Pasados esos ciento setenta y cuatro años otro fantasma recorre Europa: la extrema derecha. Parafraseando a Marx y Engels “Todas las fuerzas de la vieja Europa se han unido en santa cruzada contra ese fantasma…”. De derecha a izquierda un mensaje unitario de repulsa a lo que se denomina extrema derecha ha ido impregnando lo que parece constituir, oficialmente al menos, la mayor preocupación en los países europeos y occidentales más importantes. El desafío ideológico a las normas políticas y principios morales inserto en las propuestas impulsadas por los grupos de extrema derecha europeos se dice que implican una subversión de los valores asentados en nuestra sociedad y que definen la democracia (aunque no todos compartan la misma idea de democracia). Acogidos al sagrado de lo políticamente correcto desde las instituciones políticas y sociales se ha decretado una hostilidad abierta y de combate sin cuartel a quienes según esa visión constituyen un desafío totalitario/autoritario a las reglas vigentes de convivencia.
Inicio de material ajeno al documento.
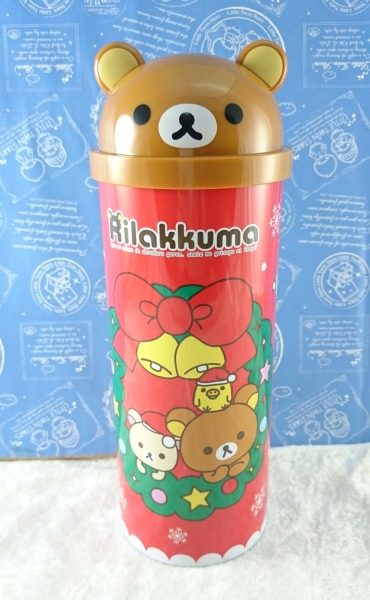 【震撼精品百貨】Rilakkuma San-X 拉拉熊懶懶熊~San-X 造型置物盒/收納盒-聖誕紅#30753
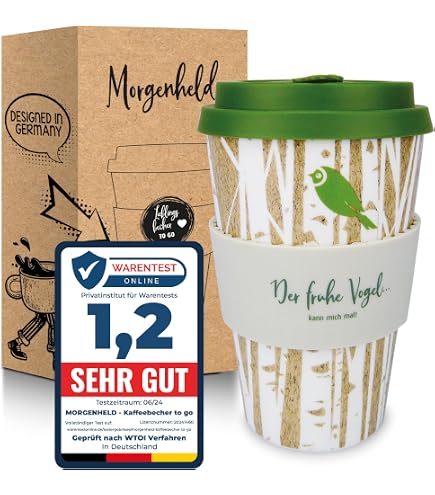 KIVY Große Teetasse mit Deckel und Sieb - 650ml - XXL Tasse Groß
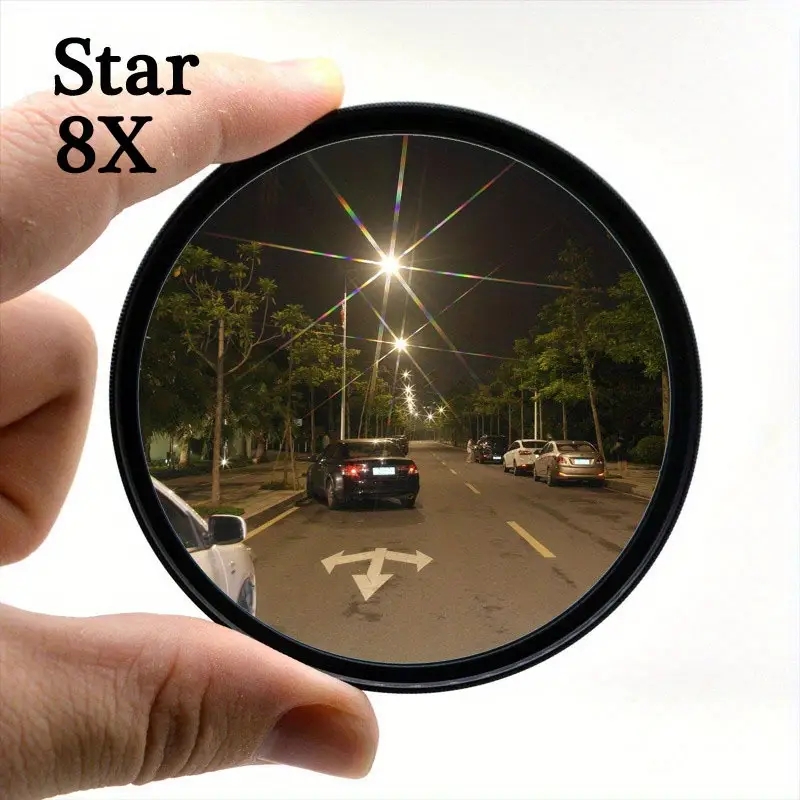 Optical Glass Star Effect เลนส์กรอง 4X 6X 8X Starburst สําหรับ Canon สําหรับ Sony สําหรับ Nikon DSLR เลนส์กล้องกรองของขวัญวันเกิดคริสต์มาส ราคา ถูกที่สุด ดีลบีเคเค แกลเลอรีภาพที่ 8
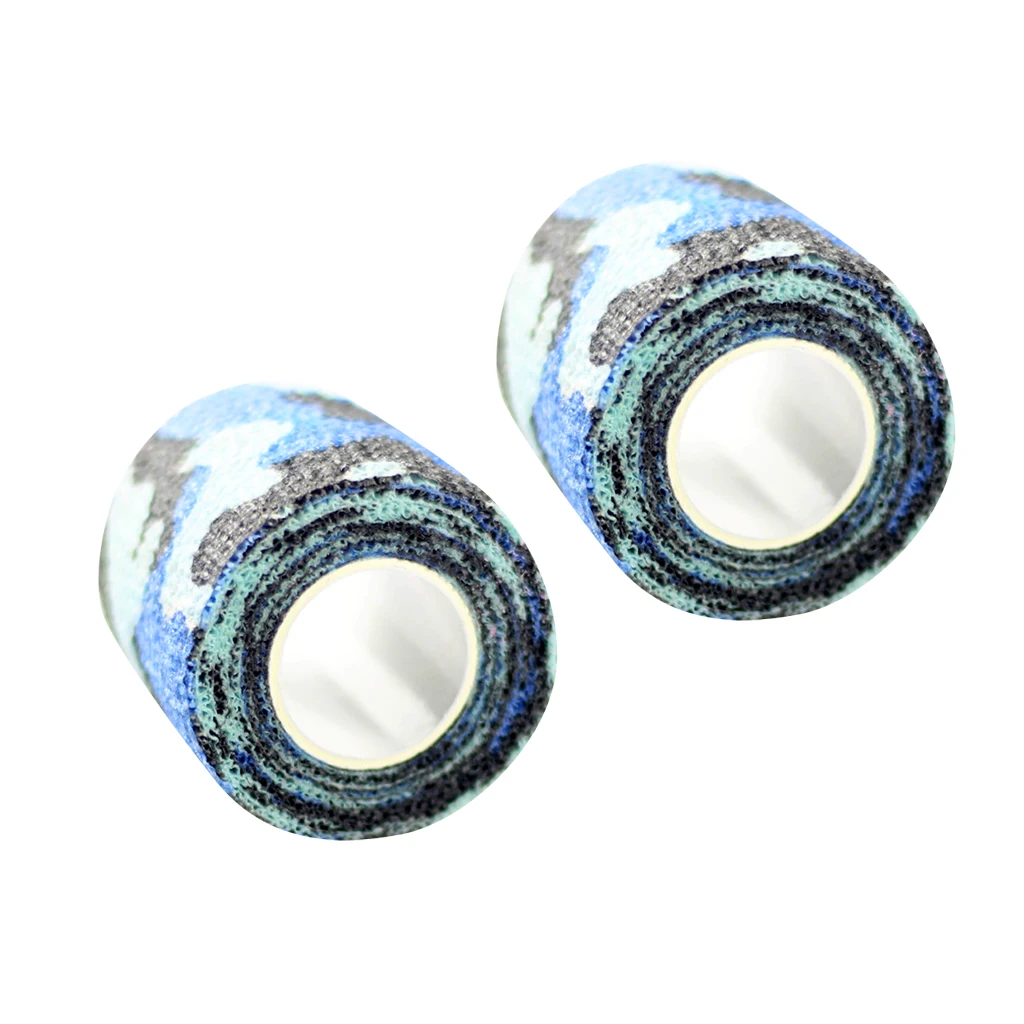 2 Pieces Self-adhesive Wrist Ankle Joints Wrap Bandage Tape Navy Camo High Quality non-woven fabric self adhesive bandage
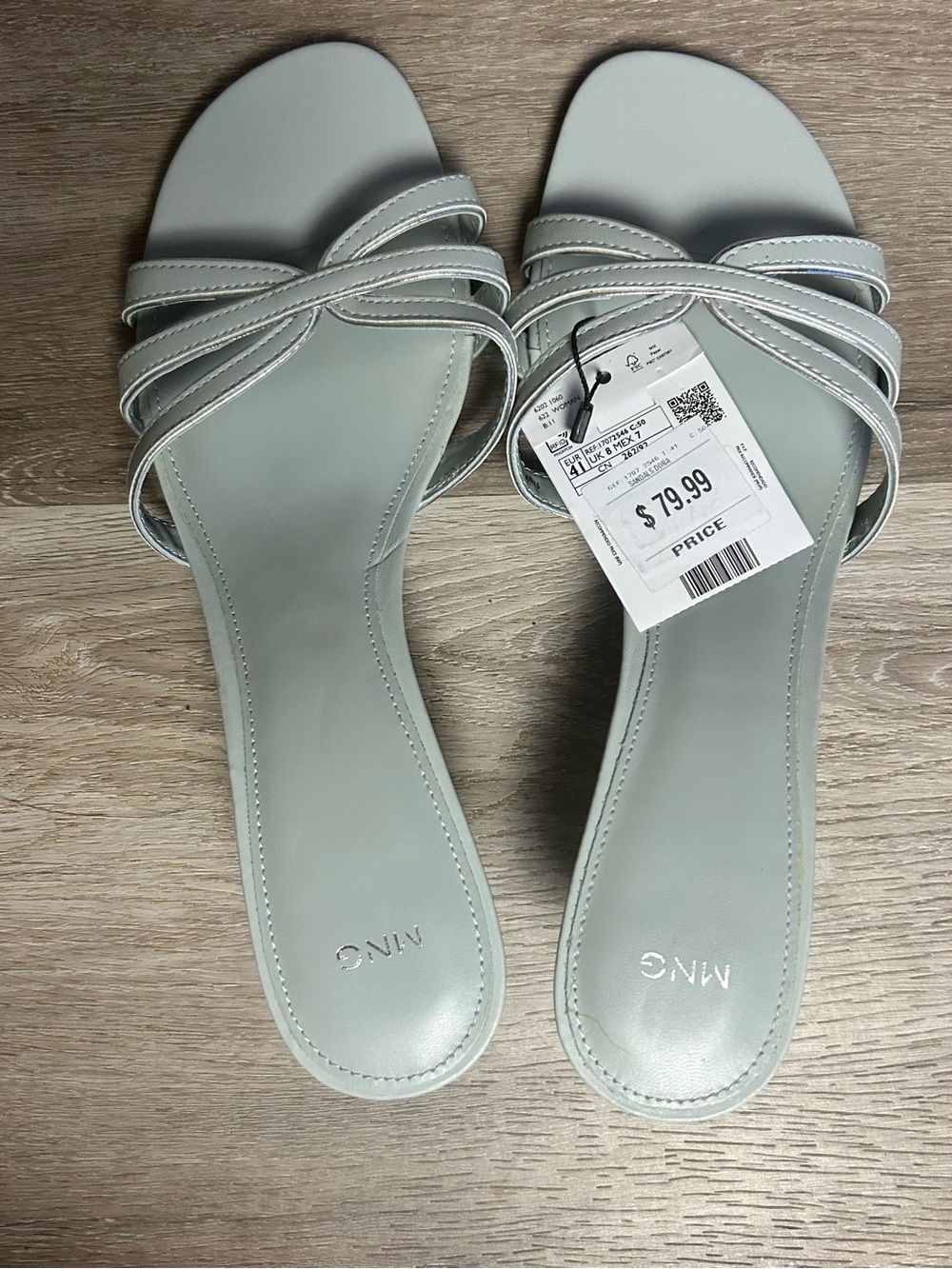 Mango KITTEN HEEL SANDALS WITH STRAPS Y2K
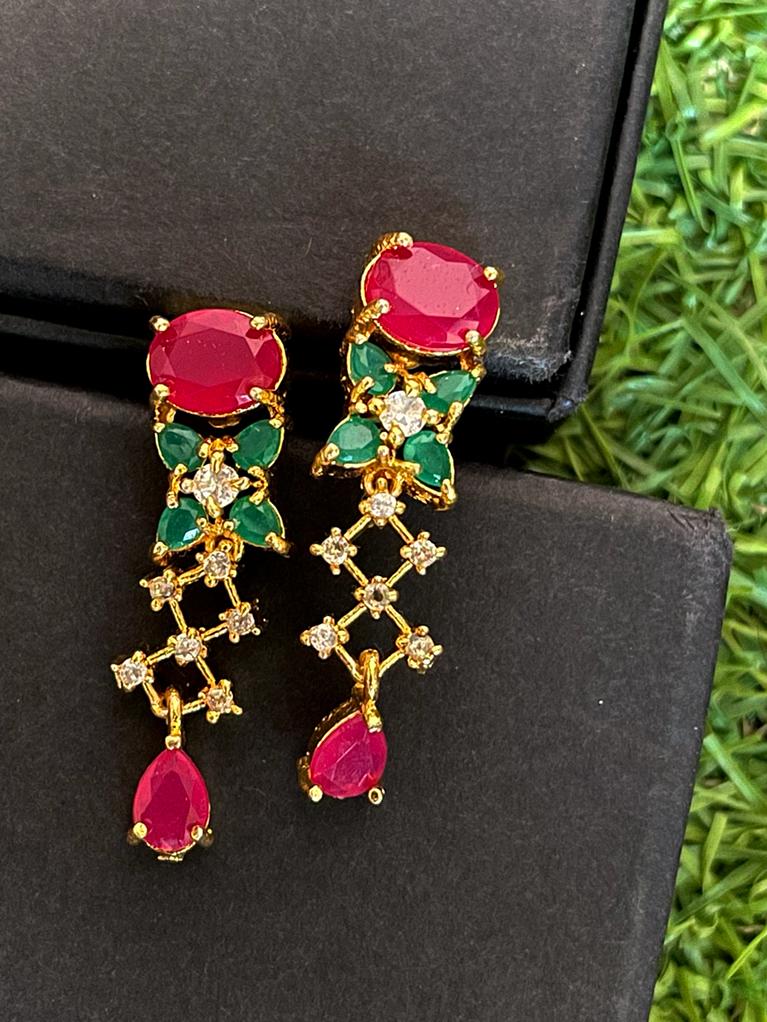 AD Multicolour choker with Earring set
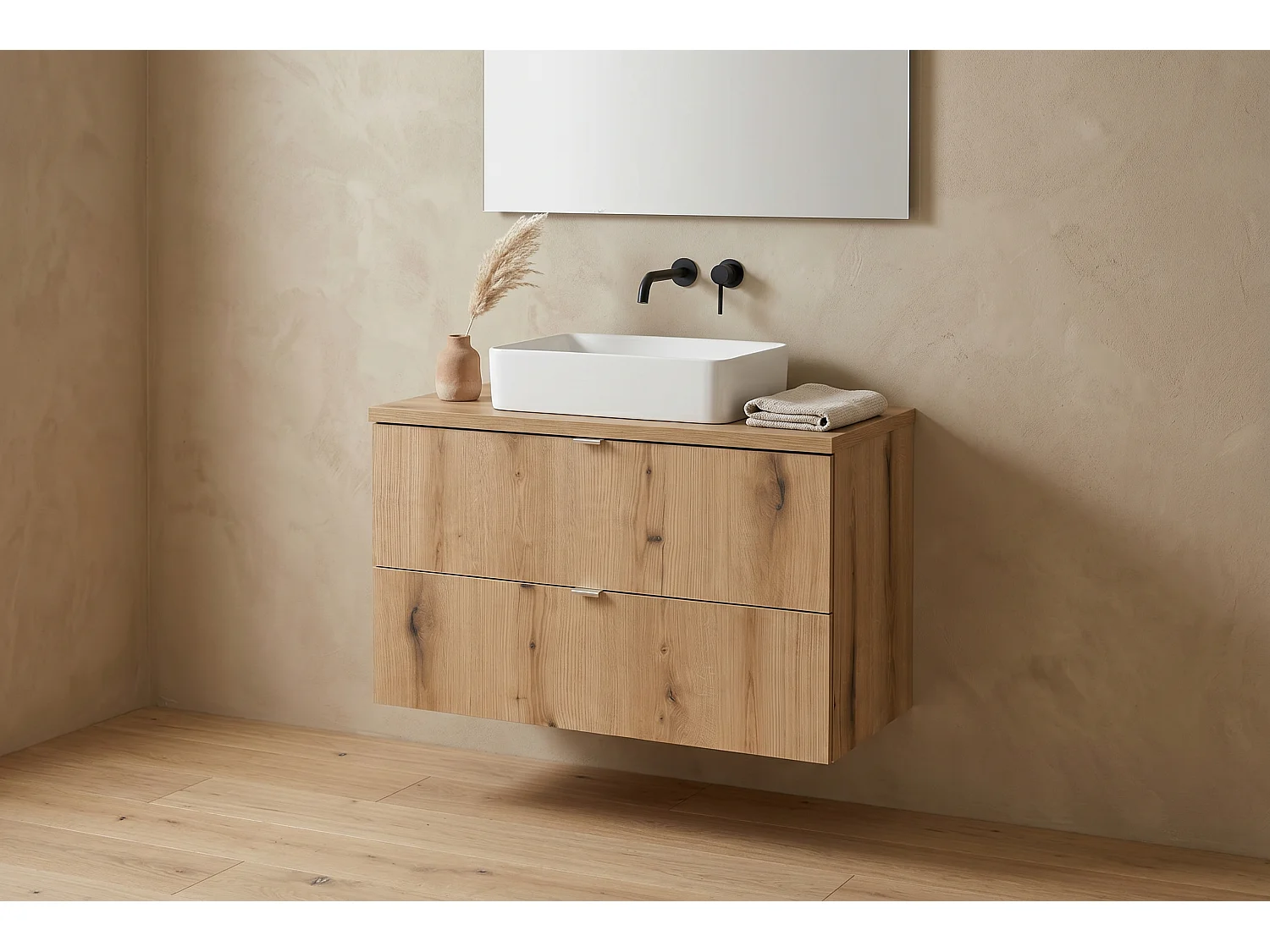 Móvel Quadro com lavatório de 80 cm e tampo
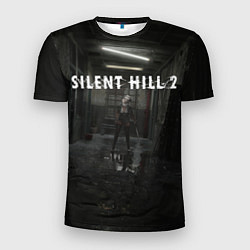 Мужская спорт-футболка Sailent hill 2 ремейк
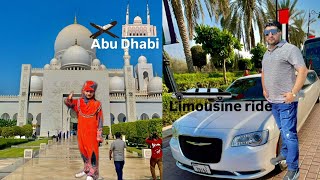 Sheikh Zayed Grand Mosque🕌in Abu Dhabi,|| Limousine Car Ride in Dubai 🚘 ||Luxury Car Ride in Dubai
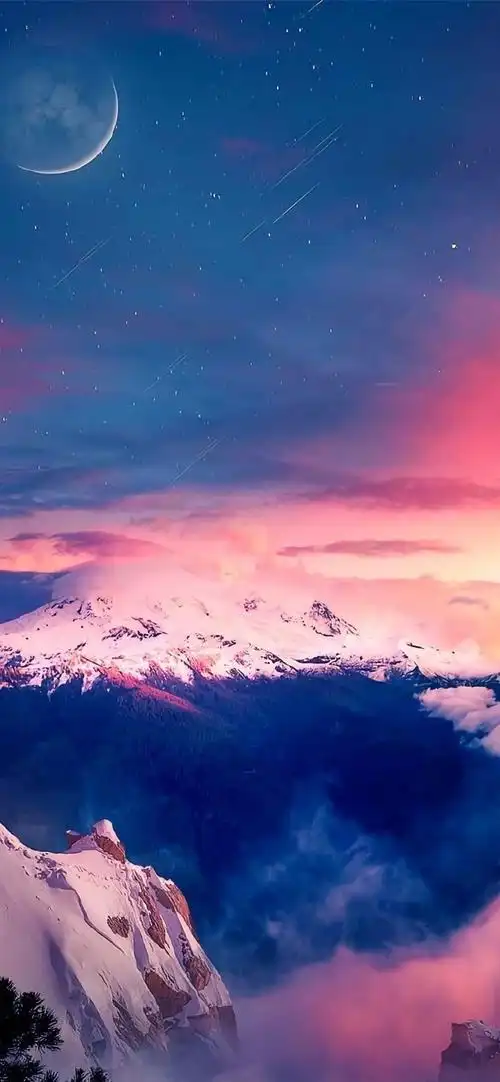 iphonex xs 高清壁纸 炫光紫 多彩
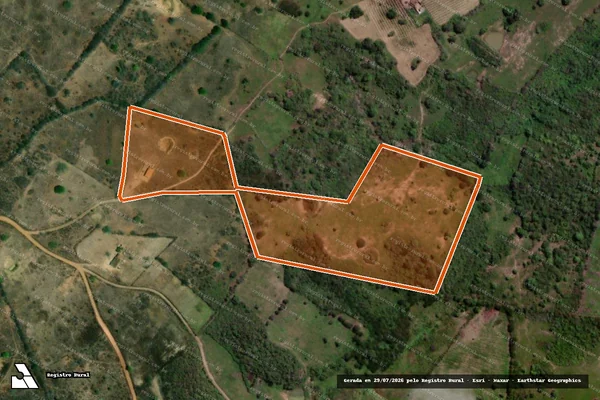 Imagem de satélite de SITIO MALHADA em SOLÂNEA - PB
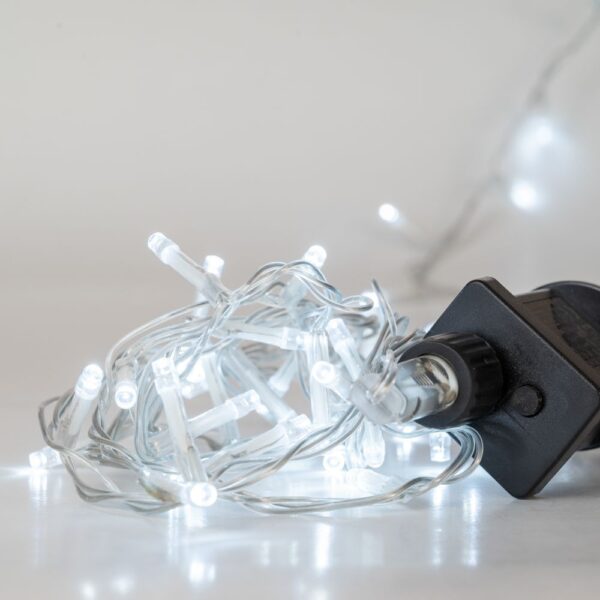 400 Led Διαφανο Παγου 8Προγραμ 20Μετρα Εσωτ And Εξωτ Χωρου 5Mm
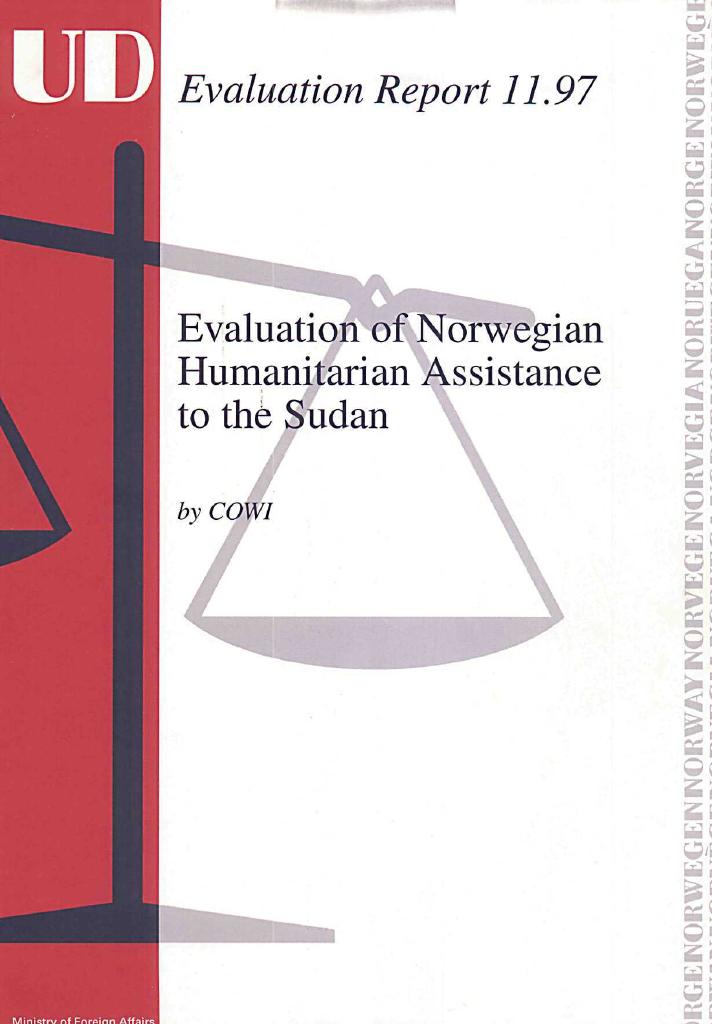 Forsiden av dokumentet Evaluation of Norwegian Humanitarian Assistance to the Sudan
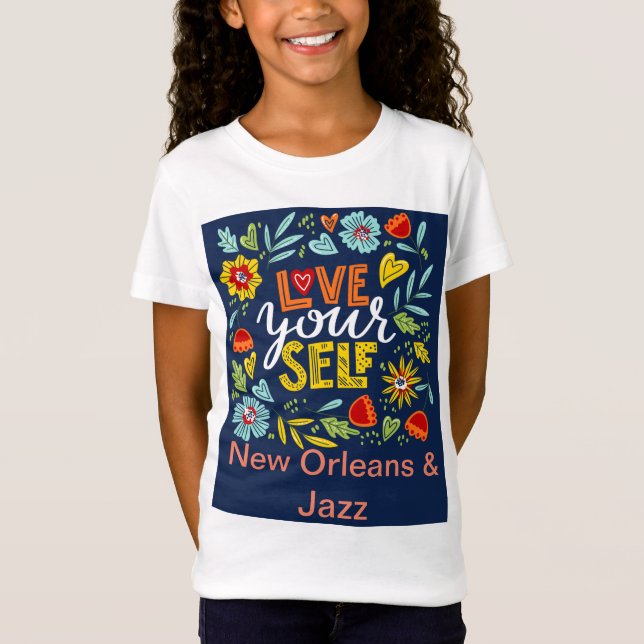 New Orleans and Jazz Festival 2023 T-Shirt (Front)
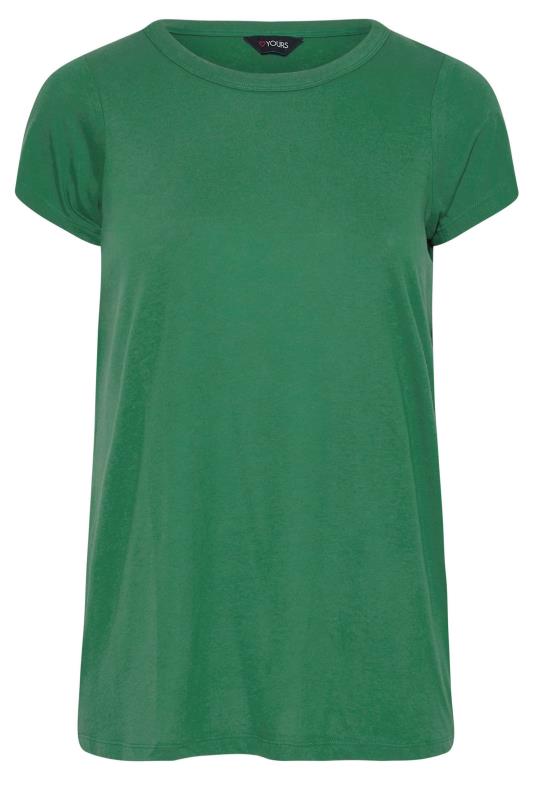 Jo da flamme så Plus Size Forest Green Short Sleeve T-Shirt | Yours Clothing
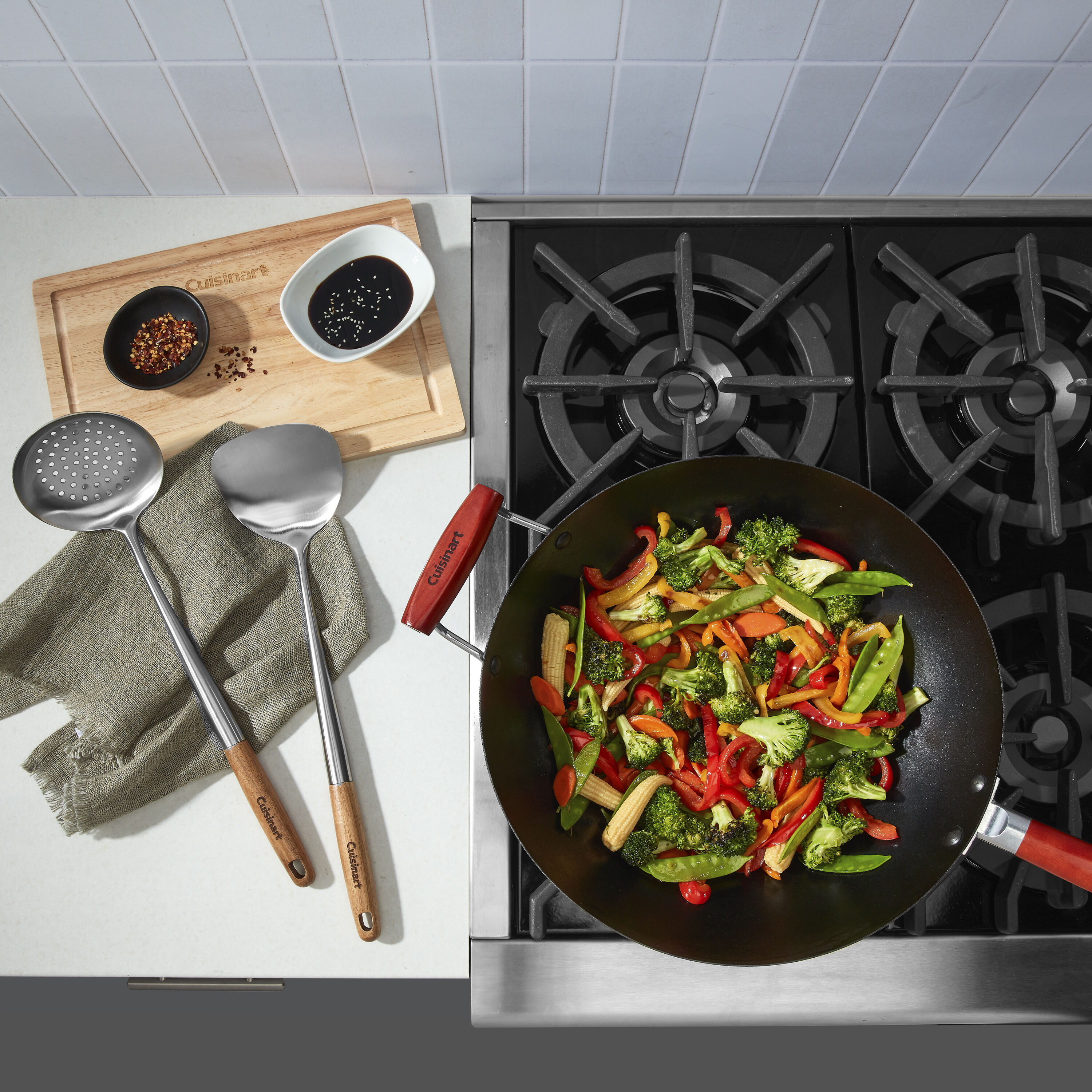 2Pc Wok Tool Set - Cuisinart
Lo que sea la extrema derecha y pese a que muchos creen saberlo, no está en absoluto definido y por eso su denominación como fantasma parece, en cuanto a sus objetivos, oportuna, mucho menos si la referimos a la innegable fuerza política y electoral que expresan los millones de votos obtenidos en numerosas naciones europeas. Decimos que la referencia a la ideología de la llamada extrema derecha es más que otra cosa fantasmal porque sus oponentes no establecen claramente la frontera que los delimita frente a ellos ni se concreta en el contraste preciso de las propuestas de cada uno más allá de diferencias expuestas con trazo grueso escasamente aclaratorias. Por ejemplo, el Frente Nacional de Marine Le Pen tiene un programa económico altamente intervencionista, por supuesto nada liberal, que lo acerca más a la izquierda que a la derecha. No es casualidad que sean millones de obreros los que voten a ese partido porque en Francia no hay más de ocho millones de ricos a los que, además, según los tópicos al uso, les interesaría una economía lo más desregulada posible.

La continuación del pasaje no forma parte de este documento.